Iran has seized on widespread Muslim outrage over a film insulting the Prophet Mohammad to revive the death threat against Salman Rushdie, raising the reward for killing him by US$500,000 (£320,000).
Ayatollah Hassan Sanei, head of a powerful state foundation providing relief to the poor, said the film would never have been made if the order to execute Rushdie, issued by the late Iranian spiritual leader, Ayatollah Ruhollah Khomeini, had been carried out.
Ayatollah Khomeini pronounced a fatwa sentencing the author to death in 1989 after declaring his novel, The Satanic Verses, “blasphemous”, but Iranian officials later indicated it would not be implemented.
“It [the film] won’t be the last insulting act as long as Imam Khomeini’s historic order on executing the blasphemous Salman Rushdie is not carried out,” he said in a statement.
“If the imam’s order was carried out, the further insults in the form of caricatures, articles and films would not have taken place. The impertinence of the grudge-filled enemies of Islam, which is occurring under the flag of the Great Satan, America and the racist Zionists, can only be blocked by the absolute administration of this Islamic order.”

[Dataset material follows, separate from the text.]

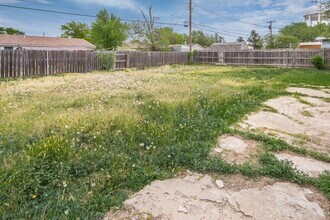 1124 Juniper Dr in Pampa, TX - Building Photo - Building Photo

Ayatollah Saeni’s offer appeared to be an officially-sanctioned attempt by Iran to harness anger across the Muslim world over the film, which was produced by anti-Muslim Christians based in the United States. The film, which depicts the Prophet Mohammed in a derogatory manner, has provoked riots and violent attacks on western interests in several Muslim countries, including Libya, where Americans, including the ambassador, were killed.